> What is needed
Take the lines below between the one holding "Ella 4-Sitzer Ecksofa" and the one holding "Botella de Agua", inclusive, and copy them exactly. Add nothing.

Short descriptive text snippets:
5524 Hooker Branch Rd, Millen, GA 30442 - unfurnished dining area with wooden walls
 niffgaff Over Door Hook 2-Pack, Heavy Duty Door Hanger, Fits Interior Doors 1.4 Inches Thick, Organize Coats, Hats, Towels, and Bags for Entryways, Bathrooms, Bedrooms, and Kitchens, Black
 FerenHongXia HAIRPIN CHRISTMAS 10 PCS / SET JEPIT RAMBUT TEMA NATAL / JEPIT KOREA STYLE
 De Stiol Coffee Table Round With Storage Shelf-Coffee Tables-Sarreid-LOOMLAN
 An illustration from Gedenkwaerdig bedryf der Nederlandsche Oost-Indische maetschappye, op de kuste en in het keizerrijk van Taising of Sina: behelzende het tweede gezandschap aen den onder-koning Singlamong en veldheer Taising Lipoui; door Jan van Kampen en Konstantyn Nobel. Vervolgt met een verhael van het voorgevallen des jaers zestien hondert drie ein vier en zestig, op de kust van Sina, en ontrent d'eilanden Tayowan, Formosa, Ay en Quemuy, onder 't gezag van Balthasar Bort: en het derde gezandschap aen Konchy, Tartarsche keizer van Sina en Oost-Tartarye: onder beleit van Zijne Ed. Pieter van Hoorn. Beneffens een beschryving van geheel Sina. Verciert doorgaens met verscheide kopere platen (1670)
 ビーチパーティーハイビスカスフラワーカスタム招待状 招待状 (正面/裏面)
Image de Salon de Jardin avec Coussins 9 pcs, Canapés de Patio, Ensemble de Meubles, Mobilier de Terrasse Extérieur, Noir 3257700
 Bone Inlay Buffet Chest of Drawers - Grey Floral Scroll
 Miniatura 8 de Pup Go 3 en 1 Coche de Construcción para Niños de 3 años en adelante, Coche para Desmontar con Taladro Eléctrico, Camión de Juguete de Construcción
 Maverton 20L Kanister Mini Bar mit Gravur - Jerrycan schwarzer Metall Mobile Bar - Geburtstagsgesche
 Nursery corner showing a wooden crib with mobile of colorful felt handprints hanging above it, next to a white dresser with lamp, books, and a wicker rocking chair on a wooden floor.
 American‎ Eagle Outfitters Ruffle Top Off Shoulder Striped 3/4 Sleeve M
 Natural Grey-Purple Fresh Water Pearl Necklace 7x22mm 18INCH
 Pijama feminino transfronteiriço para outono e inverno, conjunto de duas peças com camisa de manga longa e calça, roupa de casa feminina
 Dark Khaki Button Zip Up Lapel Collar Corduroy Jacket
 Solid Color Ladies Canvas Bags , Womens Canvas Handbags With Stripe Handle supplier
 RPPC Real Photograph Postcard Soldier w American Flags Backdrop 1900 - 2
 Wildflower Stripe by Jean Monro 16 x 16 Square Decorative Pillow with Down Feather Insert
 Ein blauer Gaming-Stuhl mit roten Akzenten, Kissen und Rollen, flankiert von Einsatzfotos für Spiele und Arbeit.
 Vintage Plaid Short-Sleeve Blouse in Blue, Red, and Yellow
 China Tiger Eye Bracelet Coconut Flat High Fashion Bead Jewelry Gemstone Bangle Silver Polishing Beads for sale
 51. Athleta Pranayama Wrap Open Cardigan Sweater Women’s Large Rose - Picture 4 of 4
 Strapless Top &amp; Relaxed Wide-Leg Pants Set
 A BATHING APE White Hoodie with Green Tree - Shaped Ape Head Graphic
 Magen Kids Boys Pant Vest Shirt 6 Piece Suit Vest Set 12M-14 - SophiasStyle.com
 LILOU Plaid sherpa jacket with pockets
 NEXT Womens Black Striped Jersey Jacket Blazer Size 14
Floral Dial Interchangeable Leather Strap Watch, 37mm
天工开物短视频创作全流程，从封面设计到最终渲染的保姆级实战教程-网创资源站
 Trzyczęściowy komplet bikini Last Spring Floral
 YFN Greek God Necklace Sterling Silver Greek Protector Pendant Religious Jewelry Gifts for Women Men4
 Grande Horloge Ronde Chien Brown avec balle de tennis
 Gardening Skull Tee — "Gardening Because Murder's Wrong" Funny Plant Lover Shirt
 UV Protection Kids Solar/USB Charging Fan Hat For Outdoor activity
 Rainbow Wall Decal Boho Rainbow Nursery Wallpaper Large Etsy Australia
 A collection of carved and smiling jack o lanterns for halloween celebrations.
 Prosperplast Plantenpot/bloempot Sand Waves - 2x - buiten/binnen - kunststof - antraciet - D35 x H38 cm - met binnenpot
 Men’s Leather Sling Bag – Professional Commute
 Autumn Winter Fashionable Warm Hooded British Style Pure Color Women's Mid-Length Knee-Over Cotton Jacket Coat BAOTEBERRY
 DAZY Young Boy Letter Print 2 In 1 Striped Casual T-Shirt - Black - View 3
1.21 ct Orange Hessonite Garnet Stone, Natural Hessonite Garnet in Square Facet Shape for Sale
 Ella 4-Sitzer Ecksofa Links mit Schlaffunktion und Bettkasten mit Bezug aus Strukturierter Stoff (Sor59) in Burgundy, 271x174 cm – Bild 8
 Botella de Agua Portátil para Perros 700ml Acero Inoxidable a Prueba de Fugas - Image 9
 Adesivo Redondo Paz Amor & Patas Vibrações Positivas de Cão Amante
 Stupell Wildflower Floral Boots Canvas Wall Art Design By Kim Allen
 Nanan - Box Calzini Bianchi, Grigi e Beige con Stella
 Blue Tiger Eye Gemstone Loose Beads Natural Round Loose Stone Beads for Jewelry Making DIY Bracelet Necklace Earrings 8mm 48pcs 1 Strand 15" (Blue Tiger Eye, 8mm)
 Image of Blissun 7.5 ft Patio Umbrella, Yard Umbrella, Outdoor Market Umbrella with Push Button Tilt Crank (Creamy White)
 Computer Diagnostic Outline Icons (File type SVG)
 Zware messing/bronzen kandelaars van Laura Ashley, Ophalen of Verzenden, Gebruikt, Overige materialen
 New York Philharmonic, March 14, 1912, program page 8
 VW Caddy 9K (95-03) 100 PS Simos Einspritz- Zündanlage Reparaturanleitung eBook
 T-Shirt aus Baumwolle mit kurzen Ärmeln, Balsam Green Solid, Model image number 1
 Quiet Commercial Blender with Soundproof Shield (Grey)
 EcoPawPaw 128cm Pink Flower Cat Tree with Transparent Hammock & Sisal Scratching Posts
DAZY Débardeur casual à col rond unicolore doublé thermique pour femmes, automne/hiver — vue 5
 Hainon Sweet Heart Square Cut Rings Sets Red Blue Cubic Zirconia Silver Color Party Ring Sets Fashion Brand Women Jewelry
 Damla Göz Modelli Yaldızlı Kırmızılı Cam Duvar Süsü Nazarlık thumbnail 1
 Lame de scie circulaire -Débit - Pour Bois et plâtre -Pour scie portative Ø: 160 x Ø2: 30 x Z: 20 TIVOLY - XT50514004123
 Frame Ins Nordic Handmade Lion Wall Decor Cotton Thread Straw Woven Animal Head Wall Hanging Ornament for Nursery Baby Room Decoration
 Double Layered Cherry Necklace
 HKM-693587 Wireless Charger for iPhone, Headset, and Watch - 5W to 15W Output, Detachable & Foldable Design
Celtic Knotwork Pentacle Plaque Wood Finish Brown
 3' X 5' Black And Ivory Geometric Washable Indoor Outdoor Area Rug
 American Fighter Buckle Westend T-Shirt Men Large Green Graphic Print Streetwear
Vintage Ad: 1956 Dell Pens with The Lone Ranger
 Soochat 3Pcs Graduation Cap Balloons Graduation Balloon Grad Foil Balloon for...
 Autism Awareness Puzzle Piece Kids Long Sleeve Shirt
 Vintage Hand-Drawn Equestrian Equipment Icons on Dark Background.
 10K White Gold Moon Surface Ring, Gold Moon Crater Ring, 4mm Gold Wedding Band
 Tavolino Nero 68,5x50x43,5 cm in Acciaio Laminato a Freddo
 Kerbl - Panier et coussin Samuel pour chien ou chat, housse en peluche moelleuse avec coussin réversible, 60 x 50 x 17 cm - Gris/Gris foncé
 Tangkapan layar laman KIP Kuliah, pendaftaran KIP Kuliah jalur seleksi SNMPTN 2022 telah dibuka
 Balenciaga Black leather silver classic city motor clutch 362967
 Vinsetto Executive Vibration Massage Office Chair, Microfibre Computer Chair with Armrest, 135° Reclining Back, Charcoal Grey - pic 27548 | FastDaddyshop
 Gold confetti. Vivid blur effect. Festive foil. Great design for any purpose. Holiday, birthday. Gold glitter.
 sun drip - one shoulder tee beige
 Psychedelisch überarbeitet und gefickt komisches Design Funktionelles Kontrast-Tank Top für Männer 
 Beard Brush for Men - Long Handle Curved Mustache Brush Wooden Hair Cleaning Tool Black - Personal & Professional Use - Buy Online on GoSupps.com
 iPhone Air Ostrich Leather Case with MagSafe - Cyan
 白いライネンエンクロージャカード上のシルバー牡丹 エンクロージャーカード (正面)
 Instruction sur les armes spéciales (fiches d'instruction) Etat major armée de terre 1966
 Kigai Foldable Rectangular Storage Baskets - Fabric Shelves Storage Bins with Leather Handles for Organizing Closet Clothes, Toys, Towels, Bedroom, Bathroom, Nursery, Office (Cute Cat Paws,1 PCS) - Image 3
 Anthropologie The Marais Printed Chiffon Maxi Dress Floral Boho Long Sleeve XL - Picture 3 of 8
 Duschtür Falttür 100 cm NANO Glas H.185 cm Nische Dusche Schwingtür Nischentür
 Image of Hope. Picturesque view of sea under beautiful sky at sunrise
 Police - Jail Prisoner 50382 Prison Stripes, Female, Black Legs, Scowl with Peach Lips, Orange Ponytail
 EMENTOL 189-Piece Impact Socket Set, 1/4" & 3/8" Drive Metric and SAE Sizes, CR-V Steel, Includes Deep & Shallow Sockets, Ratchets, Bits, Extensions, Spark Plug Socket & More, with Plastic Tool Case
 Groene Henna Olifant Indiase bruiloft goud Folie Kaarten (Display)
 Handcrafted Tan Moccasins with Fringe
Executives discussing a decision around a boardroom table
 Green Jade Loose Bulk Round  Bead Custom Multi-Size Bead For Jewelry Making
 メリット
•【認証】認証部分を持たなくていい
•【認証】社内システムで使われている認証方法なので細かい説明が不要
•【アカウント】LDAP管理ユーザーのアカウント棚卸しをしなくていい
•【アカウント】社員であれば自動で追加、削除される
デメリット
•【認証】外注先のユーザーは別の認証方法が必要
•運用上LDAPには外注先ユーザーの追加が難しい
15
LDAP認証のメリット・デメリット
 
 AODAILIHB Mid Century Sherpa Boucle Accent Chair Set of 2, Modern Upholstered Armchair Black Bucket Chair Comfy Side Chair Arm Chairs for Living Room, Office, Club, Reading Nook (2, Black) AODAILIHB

> Result of this task
 Ella 4-Sitzer Ecksofa Links mit Schlaffunktion und Bettkasten mit Bezug aus Strukturierter Stoff (Sor59) in Burgundy, 271x174 cm – Bild 8
 Botella de Agua Portátil para Perros 700ml Acero Inoxidable a Prueba de Fugas - Image 9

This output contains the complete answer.